* _Task item_: Give back the lines below exactly, but do not include any pictures.

* _Record extracts_:
------------

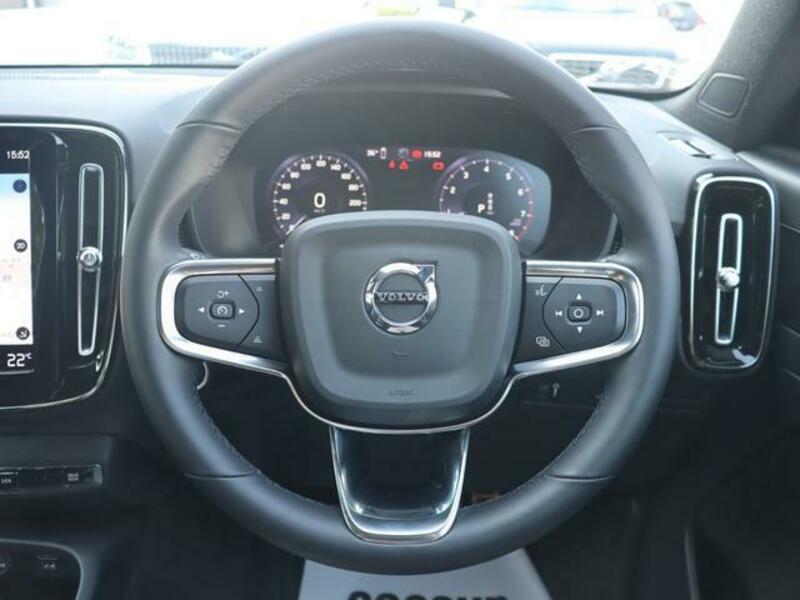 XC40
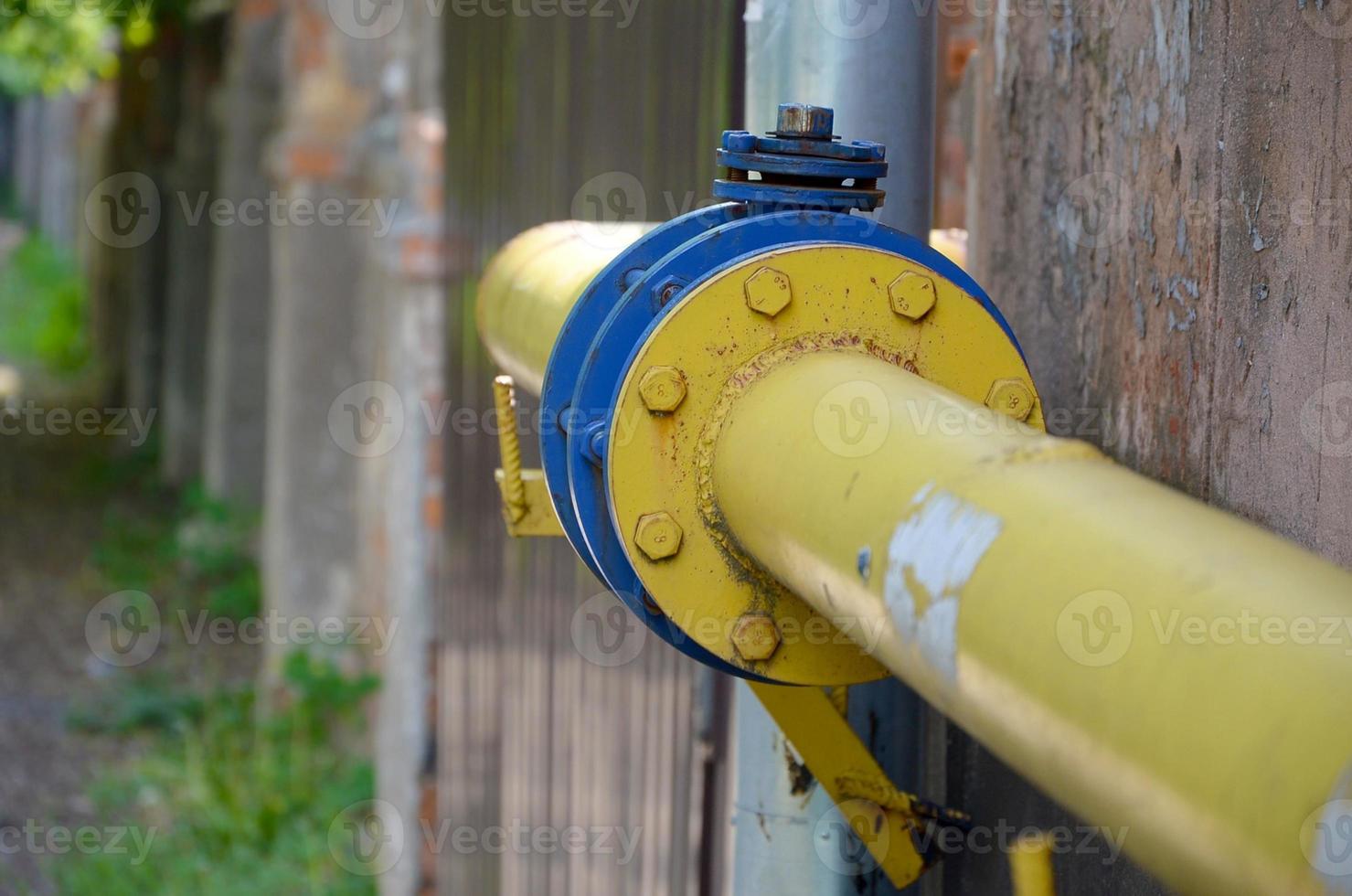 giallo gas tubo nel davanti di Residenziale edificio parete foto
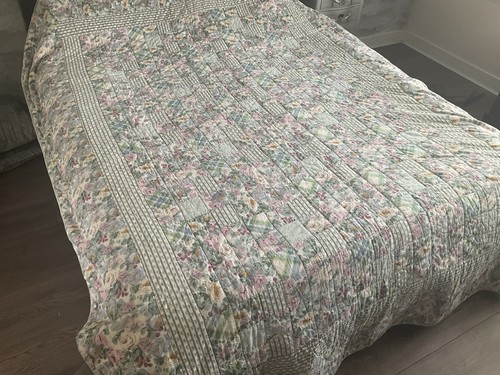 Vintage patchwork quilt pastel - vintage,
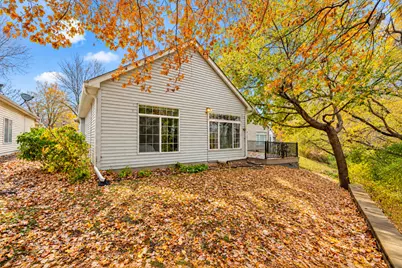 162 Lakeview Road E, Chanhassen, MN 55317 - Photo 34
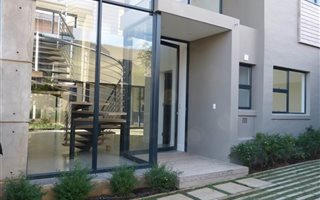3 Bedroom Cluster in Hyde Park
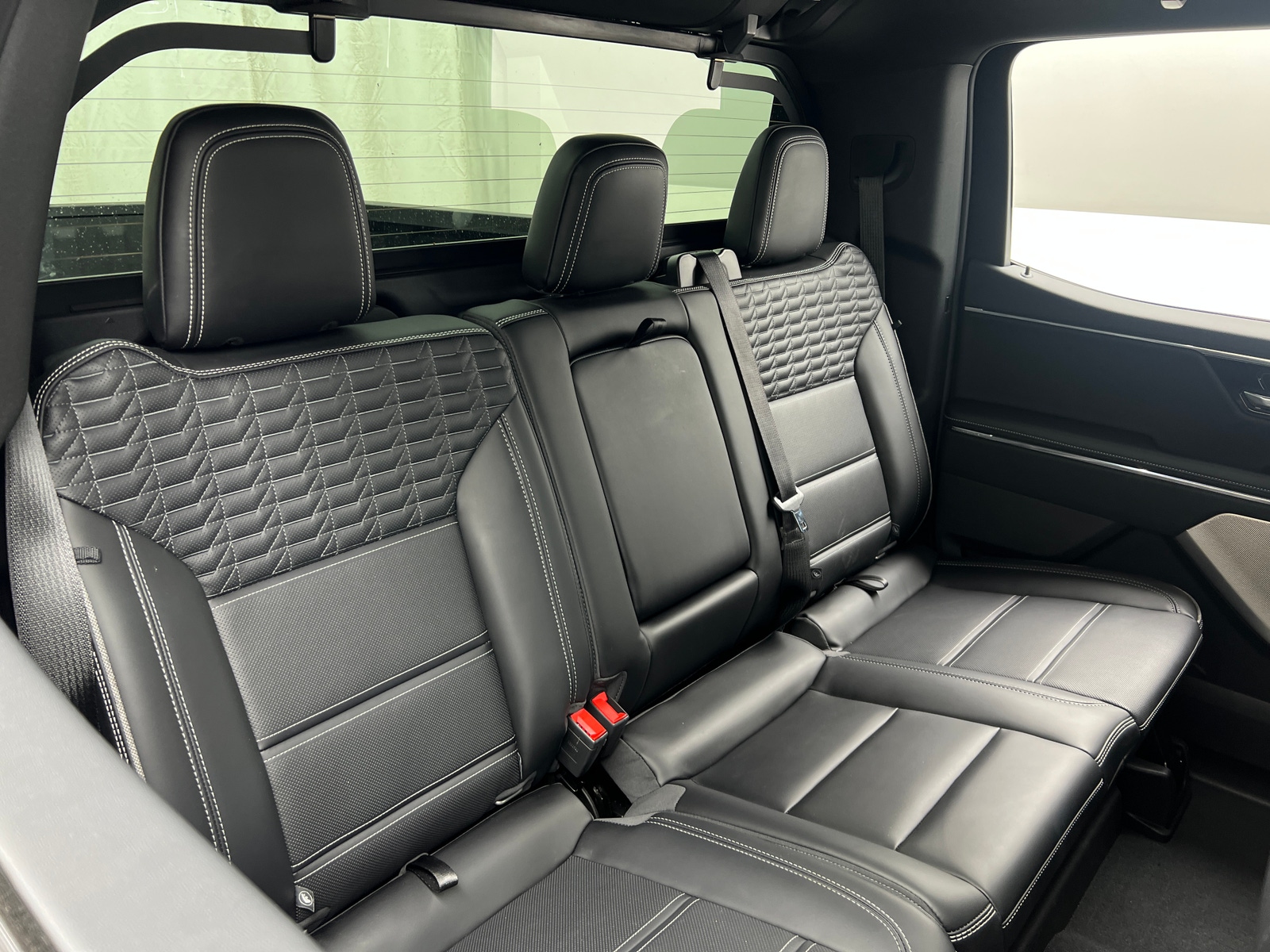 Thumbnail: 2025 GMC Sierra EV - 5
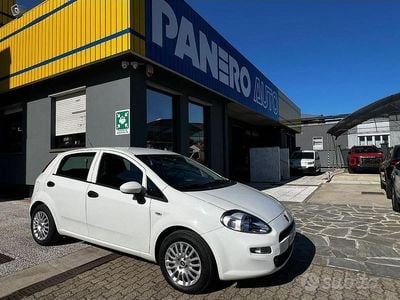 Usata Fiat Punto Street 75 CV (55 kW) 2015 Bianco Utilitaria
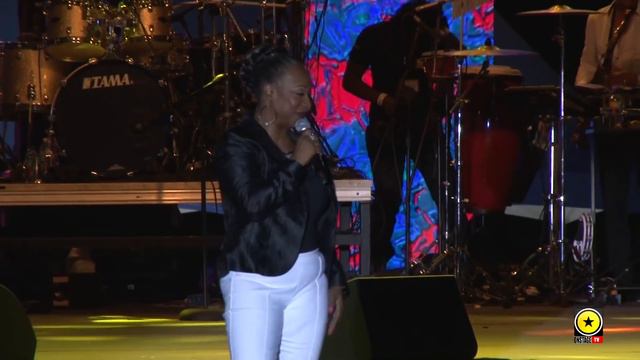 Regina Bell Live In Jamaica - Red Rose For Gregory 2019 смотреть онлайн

------------

* _Result_:
 XC40
 giallo gas tubo nel davanti di Residenziale edificio parete foto
 Vintage patchwork quilt pastel - vintage,
 162 Lakeview Road E, Chanhassen, MN 55317 - Photo 34
3 Bedroom Cluster in Hyde Park
 Thumbnail: 2025 GMC Sierra EV - 5
 Usata Fiat Punto Street 75 CV (55 kW) 2015 Bianco Utilitaria
 Regina Bell Live In Jamaica - Red Rose For Gregory 2019 смотреть онлайн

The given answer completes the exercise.